There are subtle ways we have begun to starve our priests, with an over-attentiveness to business, failing to walk with them in the early years of their vocation, closely, being sensitive to their spiritual needs and the opportunities that they must have in order to thrive and be fed, This obviously must come from them to some degree, and from their own love of God, but it is not easy, nor is it something that is always the case. The formation years expose young men to a very confined fraternity, companionship, rigor, and routine that aids balance and helps navigate things, even in the spiritual sense. Frequent opportunity for spiritual direction, confession etc. It is laid out for them, it is necessary that this continues to keep them nourished and close to the love of Christ.
The current climate of the Church at the core exposes the starving Shepherd. We know how to get to the peripheries it seems, but do we know how to preserve the centrality of Christ in the Church? We are called, in my opinion to look deeper here. It is time to look at ongoing formation more deeply and severely. Even when we gather priests, from what I've most heard, it is always centralized on going out, building up the Church, while this is a valid part of the priestly labour, there is evidently more need to focus on the interior, the spiritual life and ordering this in the life of the priest. It is more than numbers in pews.

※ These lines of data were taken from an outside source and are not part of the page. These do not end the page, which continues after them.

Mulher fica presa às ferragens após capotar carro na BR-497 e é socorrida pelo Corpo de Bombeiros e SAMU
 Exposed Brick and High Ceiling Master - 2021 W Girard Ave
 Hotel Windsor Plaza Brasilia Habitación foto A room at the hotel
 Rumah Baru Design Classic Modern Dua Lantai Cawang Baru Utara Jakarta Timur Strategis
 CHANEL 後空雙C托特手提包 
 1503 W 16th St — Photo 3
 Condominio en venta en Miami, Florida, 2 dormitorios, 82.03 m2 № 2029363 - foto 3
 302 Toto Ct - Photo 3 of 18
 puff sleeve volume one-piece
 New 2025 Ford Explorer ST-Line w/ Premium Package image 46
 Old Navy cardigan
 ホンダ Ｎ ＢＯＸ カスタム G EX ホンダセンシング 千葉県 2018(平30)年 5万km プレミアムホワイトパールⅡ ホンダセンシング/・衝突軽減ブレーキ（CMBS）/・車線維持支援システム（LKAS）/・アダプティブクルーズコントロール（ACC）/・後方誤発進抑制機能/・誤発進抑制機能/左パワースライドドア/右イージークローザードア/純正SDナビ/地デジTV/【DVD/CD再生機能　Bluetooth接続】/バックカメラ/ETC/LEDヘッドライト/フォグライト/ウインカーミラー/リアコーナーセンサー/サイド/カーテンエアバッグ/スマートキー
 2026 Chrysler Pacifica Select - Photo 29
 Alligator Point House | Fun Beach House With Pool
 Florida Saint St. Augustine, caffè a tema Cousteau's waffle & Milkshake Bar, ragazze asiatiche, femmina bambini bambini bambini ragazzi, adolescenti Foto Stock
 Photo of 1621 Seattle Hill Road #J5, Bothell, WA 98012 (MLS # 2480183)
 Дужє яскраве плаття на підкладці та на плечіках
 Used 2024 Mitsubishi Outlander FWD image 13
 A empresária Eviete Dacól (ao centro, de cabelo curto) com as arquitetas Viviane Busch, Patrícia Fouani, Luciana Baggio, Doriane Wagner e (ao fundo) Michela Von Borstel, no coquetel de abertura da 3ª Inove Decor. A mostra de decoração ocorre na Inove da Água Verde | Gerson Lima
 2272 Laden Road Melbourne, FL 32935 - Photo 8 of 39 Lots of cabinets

Look what the Lord did with His first disciples...thousands of followers followed a few holy men, by their love, their obedience, they gathered. And so it will be with us. Or otherwise what we gather is only another form of scattered and lost sheep, under the guise of holiness with a diluted discipleship, compromising the Truth of Christ’s Church.
“Do You love me?”
Nothing more will suffice to live the fullness of life in Christ. Give me a poor Church an empty Church, over a Church filled to the brim empty of God.